Twitter was born about three years ago, when @Jack, @Biz, @Noah, @Crystal, @Jeremy, @Adam, @TonyStubblebine, @Ev, me (@Dom), @Rabble, @RayReadyRay, @Florian, @TimRoberts, and @Blaine worked at a podcasting company called Odeo, Inc. in South Park, San Francisco. The company had just contributed a major chunk of code to Rails 1.0 and had just shipped Odeo Studio, but we were facing tremendous competition from Apple and other heavyweights. Our board was not feeling optimistic, and we were forced to reinvent ourselves.

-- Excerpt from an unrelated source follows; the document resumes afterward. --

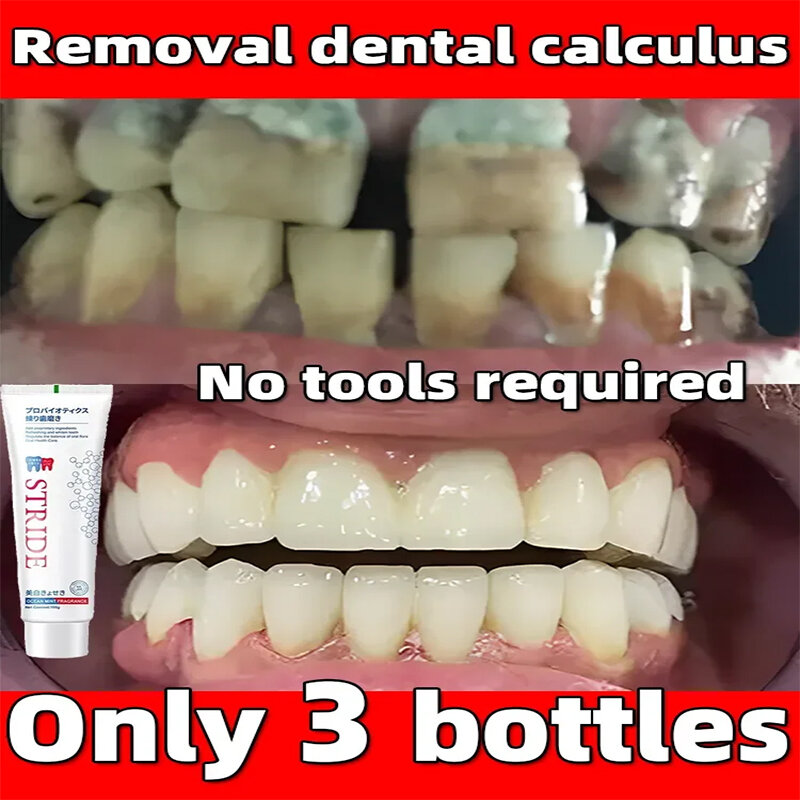 Eliminador de cálculo Dental, blanqueador de dientes, pasta de dientes, eliminación de olores bucales, mal aliento, eliminación de placa Dental, prevención de Periodontitis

“Rebooting” or reinventing the company started with a daylong brainstorming session where we broke up into teams to talk about our best ideas. I was lucky enough to be in @Jack’s group, where he first described a service that uses SMS to tell small groups what you are doing. We happened to be on top of the slide on the north end of South Park. It was sunny and brisk. We were eating Mexican food. His idea made us stop eating and start talking.
I remember that @Jack’s first use case was city-related: telling people that the club he’s at is happening. “I want to have a dispatch service that connects us on our phones using text.” His idea was to make it so simple that you don’t even think about what you’re doing, you just type something and send it. Typing something on your phone in those days meant you were probably messing with T9 text input, unless you were sporting a relatively rare smartphone. Even so, everyone in our group got the idea instantly and wanted it.
Later, each group presented their ideas, and a few of them were selected for prototyping. Demos ensued. @Jack’s idea rose to the top as a combination of status-type ideas. @Jack, @Biz, and @Florian were assigned to build version 0.1, managed by @Noah. The rest of the company focused on maintaining Odeo.com, so that if this new thing flopped we’d have something to fall back upon.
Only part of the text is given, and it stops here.